Edens Lost
- Author: Sumner Locke Elliott
- Language: English
- Publisher: Harper and Row, New York
- Publication date: 1969
- Media type: Print (hardback & paperback)
- Pages: 279 pp
- Preceded by: Some Doves and Pythons
- Followed by: The Man Who Got Away

= Edens Lost (novel) =

1969 novel by Sumner Locke Elliott

Edens Lost (1969) is a novel by Australian writer Sumner Locke Elliott.

==Plot summary==
The novel is a family saga told through the eyes of 16-year-old Angus Weekes who goes to live with the St James family in the Blue Mountains area of New South Wales after the death of his guardian.

==Critical reception==

On its original publication Kirkus Review found: "All of this is, in its fashion, opulently romantic and pleasantly parlayed in silvery, sugary words (delightfuls and entrancings) without altogether forfeiting the realities of living and loving it sometimes seems to camouflage."

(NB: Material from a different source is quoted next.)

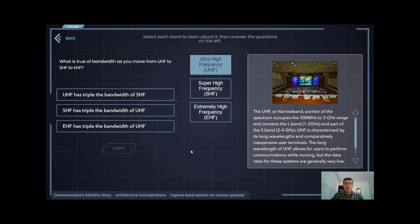First off, we have UHF, also referred to as narrowband, which falls between 300 megahertz and 3 gigahertz. UHF is characterized by its longer wavelengths compared to SHF and EHF, and relatively inexpensive user terminals.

Dennis Altman nominated the book as his favourite novel in The Australian and noted that like "all of Elliott's writings based on his formative years, Edens Lost evokes pre-Menzies Australia through writing that is beautiful and precise. I suspect Elliott is one of the greatest stylists Australian writing has produced, even if a contemporary reader may lose patience at the careful accumulation of detail and minute observation that evokes for me the Sydney in which my parents met and married. I read Edens Lost when it was first published, in the early days of gay liberation, both knowing and not knowing that only a gay man could have written this book."

== See also ==
- 1969 in Australian literature

== Notes ==
- Dedication: For Marie
- Epigraph: "Where the apple reddens / Never pry - / Lest we lose our Edens, / Eve and I." / Browning, 'A Woman's Last Word'

== Television adaptation ==
The novel was adapted for a television mini-series, produced by Australian Broadcasting Corporation (ABC) and Central Independent Television. The adaptation was directed by Neil Armfield, from a script by Michael Gow, and featured Julia Blake, Arthur Dignam and Linda Cropper. It was broadcast in the United Kingdom on the ITV network over three episodes commencing on 16 December 1988 and in Australia on the ABC on 28 February 1989.